The Drugs Act requires reform as it doesn’t equitably and uniformly regulate quality from one state to another without an NSRA (National Singular Regulatory Authority). Device manufacturers and experts are demanding a medical device act and law to regulate the medical device industry in India. According to the Economic Times, the medical device industry is seen as the most hopeful area for future growth by regional and foreign investors.
Shortage of trained and efficient human resources
Any discussion of India’s healthcare delivery should comprise the most central characters concerned- the skilled and efficient workforce. Are they appropriately trained, have an adequate number of resources, and are they equitably deployed?
One of the critical issues in India remains a severe shortage of efficient and skilled experts in the medical industry; it includes primary healthcare workers, paramedics, nurses, and doctors. This issue remains troublesome in the rural portion, where approximately 60% of India’s populace resides.
According to the survey of 2011, India has roughly 20 healthcare experts per 10,000 populations. According to India’s rural healthcare statistics (2015), about 27% of doctor posts at PHCs were unoccupied, and 11% of auxiliary nurse posts were vacant. Ideally, this employment isn’t conveyed, with most liking to work in regions where foundation and facilities for family life and development are higher.

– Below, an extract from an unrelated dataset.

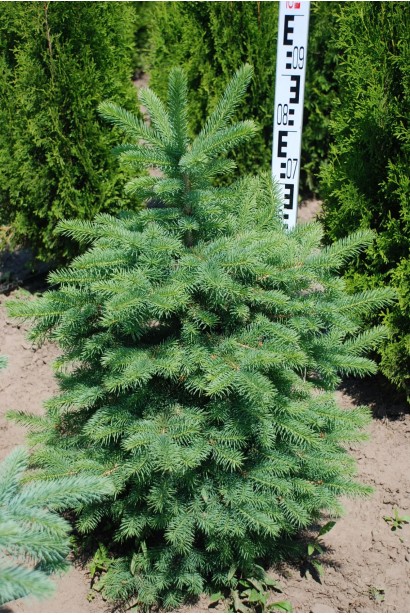 Ялина колюча зелена | Ель колючая зелёная | Picea pungens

Additionally, the more unfortunate spaces of Northern and Central India have lower densities of wellbeing employees contrasted with the Southern states. While the private area represents a large portion of the country’s wellbeing uses, the state-run wellbeing area is the solitary choice for a significant part of the provincial and peri-metropolitan spaces of the country. This problem can be resolved by increasing the capacity of training and teaching institutes.
Due to India’s high population, It is challenging to offer quality healthcare services to every patient. Even in the COVID-19 pandemic, India’s health sector faces the stress of an uncontrollable patient load. The Indian government can reduce the patient load by increasing healthcare clinics, healthcare institutions, research centres, advanced medical labs, and hospitals. To manage patient flow, healthcare needs to adopt cutting-edge technology and streamline the clinical and operational processes.
Demand for basic primary healthcare and infrastructure
India’s healthcare system has been suffering from deficient infrastructure due to a lack of well-equipped medical institutes. India faces a developing need to fix its fundamental wellbeing issues in the space of intestinal sickness, HIV, tuberculosis, and the runs.
Furthermore, kids under five are conceived underweight, and generally, 8% of them pass on before their 4th birthday. Unfortunately, just a tiny level of the populace approaches quality sterilization, which further fuels some vital worries. For essential medical services, the Indian government spends just about 40% of the nation’s complete medical care financial fund. It is only a negligible portion of what the US and the UK go through consistently.
One approach to tackle this issue is to address the foundation issues. It tends to be finished by normalizing symptomatic strategies, building rustic centres, creating streamlined wellbeing IT systems, and developing productivity. The requirement for skilled clinical students keeps growing, particularly in country regions that neglect to draw in new students due to monetary reasons. A sizeable level of the students additionally travels to another country to seek higher studies and business.
Increasing Pharmaceutical sector
According to IBEF (Indian Brand Equity Foundation), India is the 3rd most significant exporter of pharmaceutical items in terms of quantity. Around 70% of the market is composed of cheap generic drugs. The growth of primary care facilities is playing an essential role in shaping the pharmaceutical industry.